In a sworn statement, Thomas says her boss had been out of the country since June 24. She says she was working in her office in the home when a man at the front gate rang the bell and said he had a package for Cynthia Yorkin.
“As I wasn’t expecting any packages, I cautiously cracked the door to see what this man was doing,” Thomas says. “Mrs.
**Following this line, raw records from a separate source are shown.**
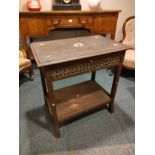 Antique Arabic carved table with of pearl design in need of attention.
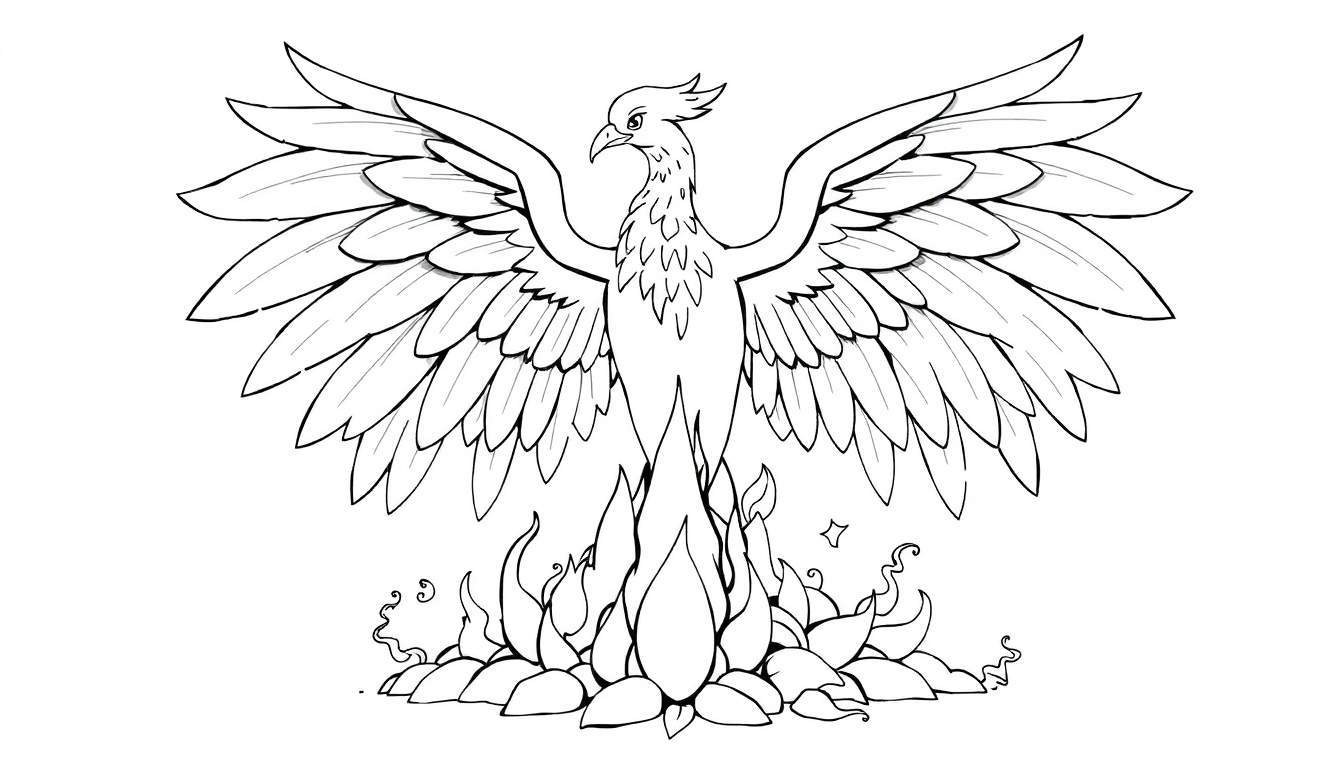 Dessin au trait d'un phénix aux ailes déployées, émergeant des flammes, prêt pour le color panel.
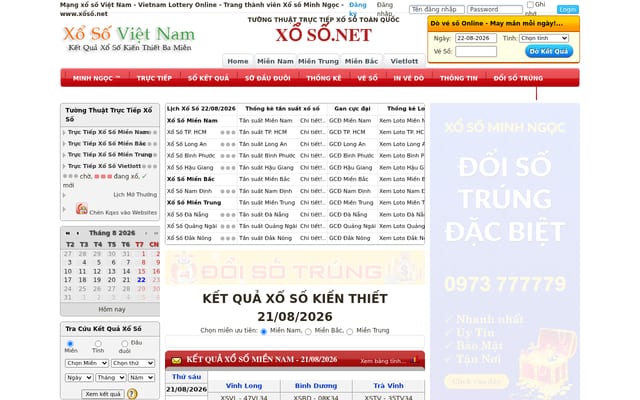 Screenshot of xoso.net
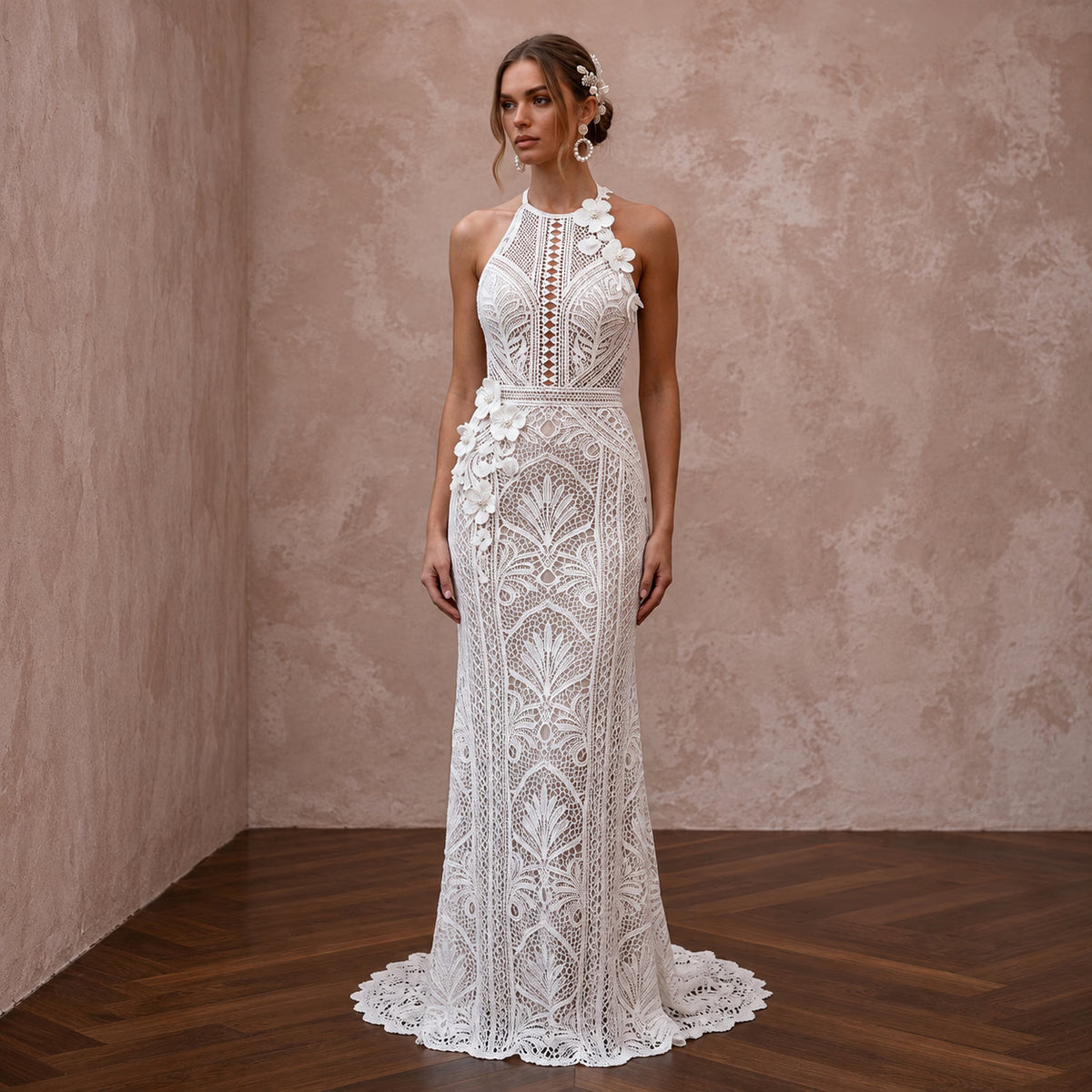 Beachy White Crochet Lace Sheath for Tropical Vow Renewal - Apparel & Accessories > Clothing > Wedding & Bridal Party Dresses > Wedding Dresses - Mignonette Bridal Main image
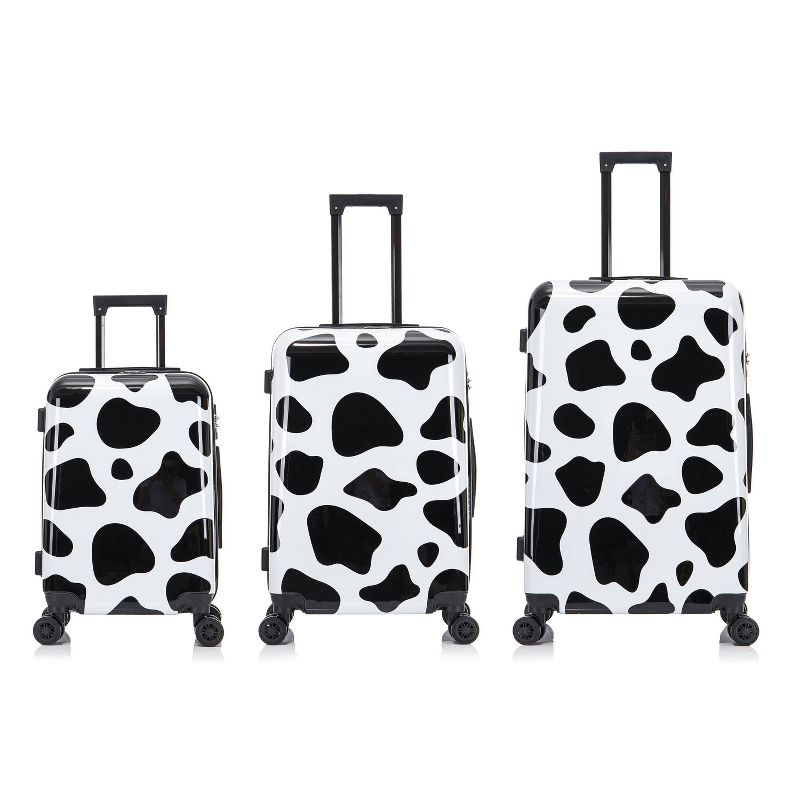 InUSA PRINTS Lightweight Hardside Checked Spinner 3pc Luggage Set - Cow, 4 of 14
Yorkin is a celebrity and is sometimes the target of unwanted attention at inappropriate times.”
Thomas says she told the man that Cynthia Yorkin was not present and that she was not authorized to accept documents on her behalf.
The man responded, “I don’t really care” and said “you have been served by Nicole Yorkin,” Thomas says. “As I closed the door, he threw the papers at the door, causing them to fly everywhere,” according to Thomas.
The defense attorneys’ court papers include copies of photos taken of the papers scattered about the grounds.
Thomas says she gathered the documents, told the man again that she could not accept papers on her boss’ behalf and left the papers on his car.
“He then started getting very upset and aggressive towards me,” Thomas says. “He grabbed the papers and threw them in the bushes in a very angry and aggressive manner.”
Thomas further says she was “scared by how angry he had become” and closed the front gate.
“The process server continued with his aggressive behavior and yelling vulgarities at me,” Thomas says.
She says she told the man she was recording what happened to show the police, but that he “then got in his car and sped off.”
A hearing on the defense motion to quash service is scheduled Nov. 30 before Judge Robert Hess.
Bud Yorkin, a former partner of producer Norman Lear, died in August 2015 at age 89 while suffering from dementia, according to court papers filed by Nicole Yorkin, who was co-executive producer of the AMC/Netflix drama “The Killing.”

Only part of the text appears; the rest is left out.